Fascinating Rock after victory in last year’s Champion Stakes
PICTURE: Edward Whitaker (racingpost.com/photos)
By Keith Melrose 2:00PM 14 OCT 2016
IN RACING, sometimes silence is the best response you can hope for. The queue to bash British Champions Day when it was first proposed made the wait for a taxi on Ladies’ Day seem like the blink of an eye. Just five years on, you could fit the remaining doubters in the same black cab.
With a line-up that could scarcely be improved without bending the unchangeables of weather (Limato) and injury (The Gurkha), it is reasonable to ask if Saturday’s card at Ascot is the best anywhere in the world.
On Saturday we will see the best of the Arc in Found and the horse that beat her the time before, Almanzor. The best three-year-old milers of both sexes will meet the older horses again. Most of the 6f Group 1 winners are represented, as well as the 5f champion punching up. Even the Group 2 on the card has drawn in the Gold Cup winner (and Arc placed) against last year’s St Leger winner.
It might be reasonable to ask the question, but it isn’t realistic to expect a definitive answer, not least because the terms change from one pair of eyes to the next. We can only explore the angles and see where we end up.
What has happened this year?
This Champions Day looks the deepest yet and there are two possibilities: a spike or a trend. We can investigate if there is something in the trend angle.

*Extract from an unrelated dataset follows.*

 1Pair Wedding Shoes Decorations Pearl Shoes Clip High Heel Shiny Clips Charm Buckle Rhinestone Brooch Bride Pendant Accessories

Take the Sprint, Long Distance Cup and Fillies & Mares race, the three races puffed up from their former guises to make Champions Day. On RPRs of the winner since 2011, we see a fairly static picture on the last two but a significant upturn in the fortunes of the Sprint.
In truth, this can be rationalised by outside factors. European 6f horses had long been lacking a big race after early-September and they can go to the well more often than middle-distance females and stayers.
Both of those divisions have a more limited pool and natural limits, as we can see in the case of Found and Minding, who would boost the Fillies & Mares but are good enough to tackle the very best races on the card.
Raven’s Pass won the Breeders’ Cup Classic in 2008 for John Gosden
PICTURE: Sally Duckett
History may end up showing that Champions Day came along at the right time. As it was being inaugurated, America was starting to abandon its experiment with synthetic surfaces, which, among other things, had proved a bit too friendly to European challengers at the Breeders’ Cup.
The European raiding party at the Breeders’ Cup this year will be light relative to what it was five or ten years ago. Back then it was the most convenient post-Arc option, but no longer. The shorter turnaround is proving less of a barrier than the travelling across the Atlantic (or to Asia) to race under unfamiliar conditions.
Before we get too carried away down this line, though, remember that, while we are looking forward to the best Champions Day yet, America is anticipating a Breeders’ Cup like no other. Over there, there are multiple horses with the ability to be the headline act on Champions Day.
Racing Post Ratings expert Sam Walker said: “Champions Day has drawn many of the stars of the European season, like Almanzor (RPR 126), Minding (122), Found (124), Galileo Gold (124) and Mecca’s Angel (125).
“The problem is we haven’t had many standout horses in Europe this season, with Almanzor looking like the only horse with the potential to break the 130 barrier on RPRs.
“This is a stark contrast to North America, which has turned up an absolute freak show of stars in 2016, including California Chrome (133), Arrogate (131), Frosted (130), A.P. Indian (126) and the unbeaten wonderfilly Songbird (124).”
Almanzor was always targeted at Ascot rather than the Arc
PICTURE: Alain Barr (racingpost.com/photos)
How does it compare with others?
Sensibly, Champions Day does not step directly on Longchamp (or Chantilly)’s toes, zig-zagging in the gaps between the Arc and Opera, Abbaye and Cadran.
In the foreseeable future, its line-up looks more likely to attract the best of the best than the Arc meeting: a 1m2f open-sex race, the best 1m race in Europe on just about any measure you choose and a 6f race that will pinch more than a few of the Prix de la Foret’s chips- notwithstanding Limato, who goes wherever the weather suits his clothes.
Champions Day is more or less designed to appeal to the best Europe has to offer. Perhaps it’s for this reason that it is shy on challengers from outwith its wider neighbourhood of Britain, Ireland and France.
Then again, barring Japanese runners in the big race, the Arc meeting has long had a similar problem. With other jurisdictions – not just the US, but Hong Kong and Australia – having their own headline meetings around the same time, the attraction to travelling is no longer the same.
Perhaps a stronger Champions Day, in saturating the European autumn programme, has eased world racing jurisdictions that little further apart. When everyone can legitimately claim that the best is on their doorstep, why travel across the oceans to prove any differently?